▸ **Assignment**:
When you repeat the listing below, keep every word exactly and leave out each picture.

▸ **Data shown**:
-- -- --

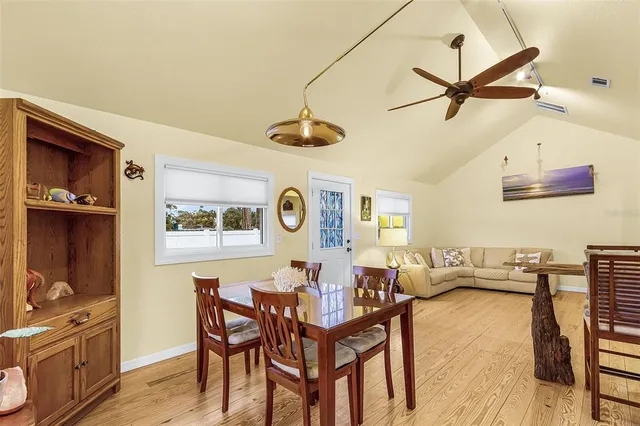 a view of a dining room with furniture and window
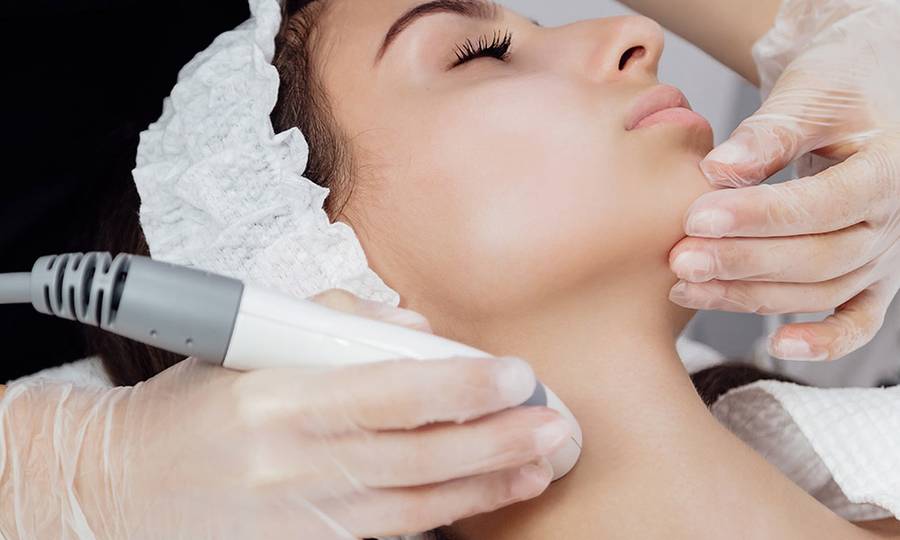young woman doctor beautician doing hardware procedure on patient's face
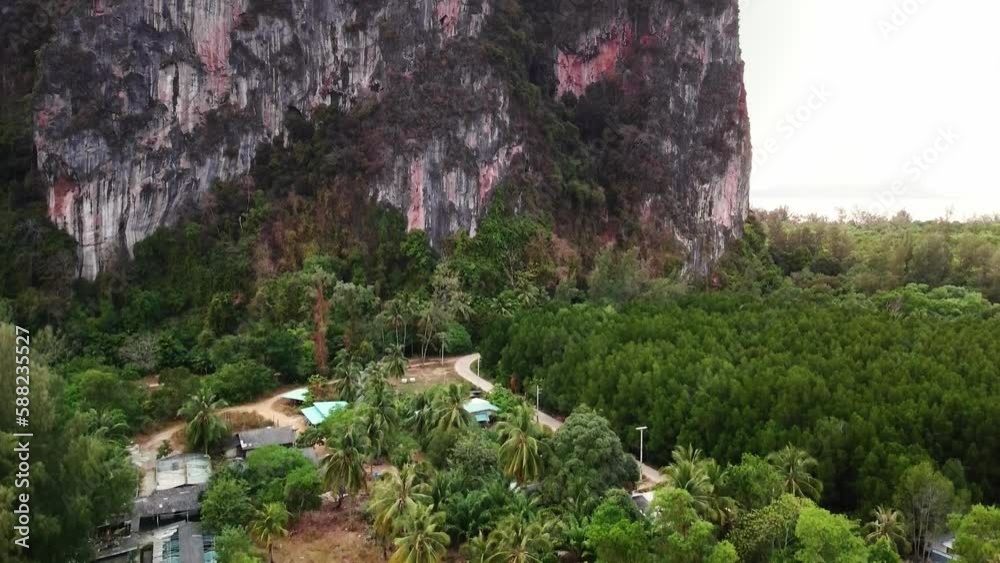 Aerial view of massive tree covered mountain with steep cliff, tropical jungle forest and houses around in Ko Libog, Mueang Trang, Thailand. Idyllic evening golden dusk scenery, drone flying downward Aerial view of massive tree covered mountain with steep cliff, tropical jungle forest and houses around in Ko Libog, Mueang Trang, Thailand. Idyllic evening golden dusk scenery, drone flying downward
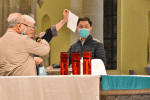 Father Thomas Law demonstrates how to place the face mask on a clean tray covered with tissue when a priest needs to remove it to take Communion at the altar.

-- -- --

▸ **Expected output**:
 a view of a dining room with furniture and window
young woman doctor beautician doing hardware procedure on patient's face
 Aerial view of massive tree covered mountain with steep cliff, tropical jungle forest and houses around in Ko Libog, Mueang Trang, Thailand. Idyllic evening golden dusk scenery, drone flying downward Aerial view of massive tree covered mountain with steep cliff, tropical jungle forest and houses around in Ko Libog, Mueang Trang, Thailand. Idyllic evening golden dusk scenery, drone flying downward
 Father Thomas Law demonstrates how to place the face mask on a clean tray covered with tissue when a priest needs to remove it to take Communion at the altar.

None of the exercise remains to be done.